Nice Aki Pastel by the way!


----------



## Nic (May 4, 2009)

Kevin said:


> Do you have a picture of this parviflorum var. parviflorum from previous years? Aki is a cross using parv var. pubescens, and Gisela is a cross using the small yellow, either parv var. parv or var. makasin, if there are indeed two varieties. So, if your hybrids are blooming, or doing well, then chances are the one that isn't up yet is dead, or at least very sick. I would carefully dig around it to see what the eyes look like, then that will tell you. Where are you growing, by the way?
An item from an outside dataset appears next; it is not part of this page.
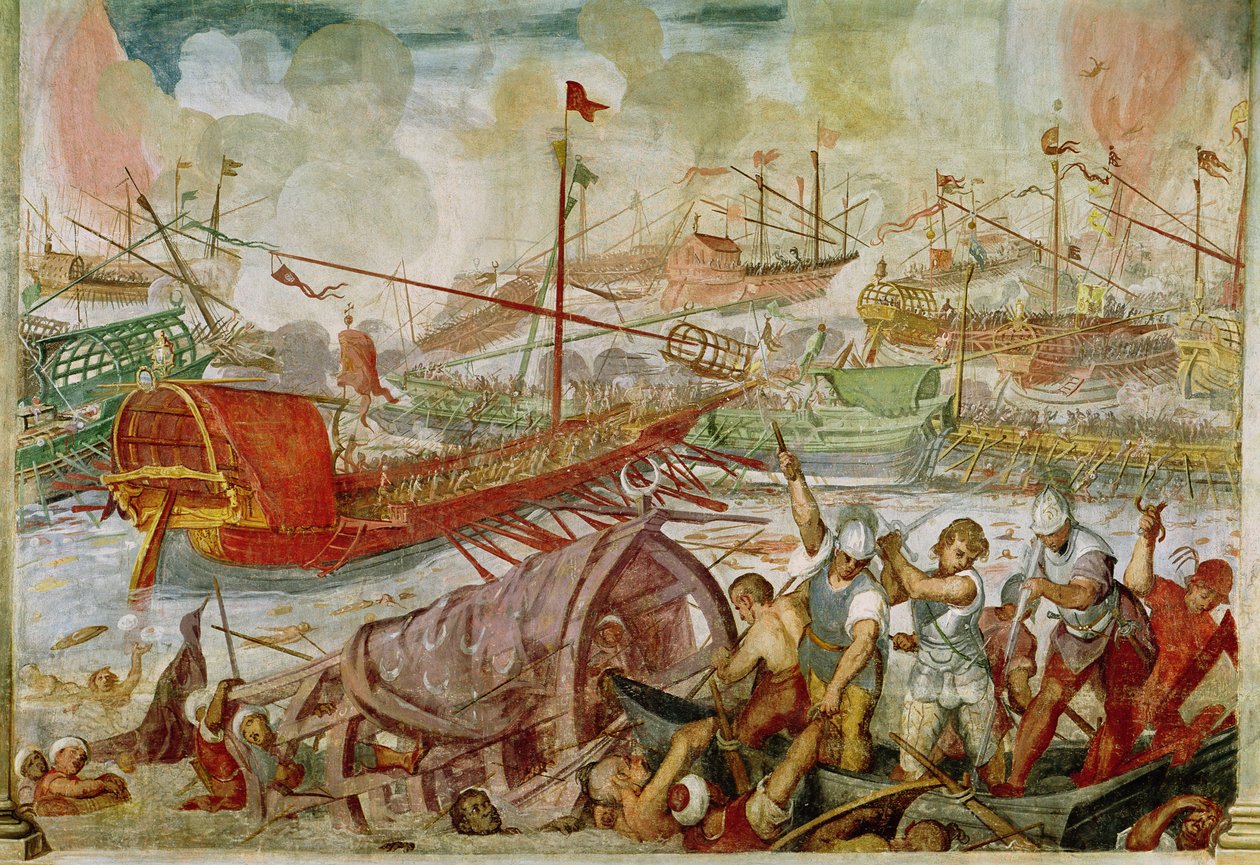 Slaget vid Lepanto, oktober 1571, 1600 (väggmålning) av Antonio Vassilacchi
I am in the Virginia D.C. 'burbs. I can't find the marker and don't want to dig around willy-nilly in case I split the crown. Digging up dormant plants is my main failing. I always manage to slice the near emergent shoot just before it breaks ground. If it is dead it is dead, and digging it up won't help it. Just have to cross fingers.


----------



## goldenrose (May 4, 2009)

You're getting there  now somewhere in between on the pic size! I sure do like the Aki!


----------



## Nic (May 9, 2009)

I'm going to go with... dead.


----------



## NYEric (May 10, 2009)

Sorry, if dead dig around and see if you can find traces.


----------



## biothanasis (May 10, 2009)

Nice bloom!!! I hope everything is alive!!!Do not loose hope!!! But then again a surprise with a tip breaking the ground surface is always nice...


----------



## Nic (May 20, 2009)

Nic said:


> I'm going to go with... dead.



It's alive!!!!:clap:

No flower this year but I am still happy as a Carolina boy at a pig picking party!


----------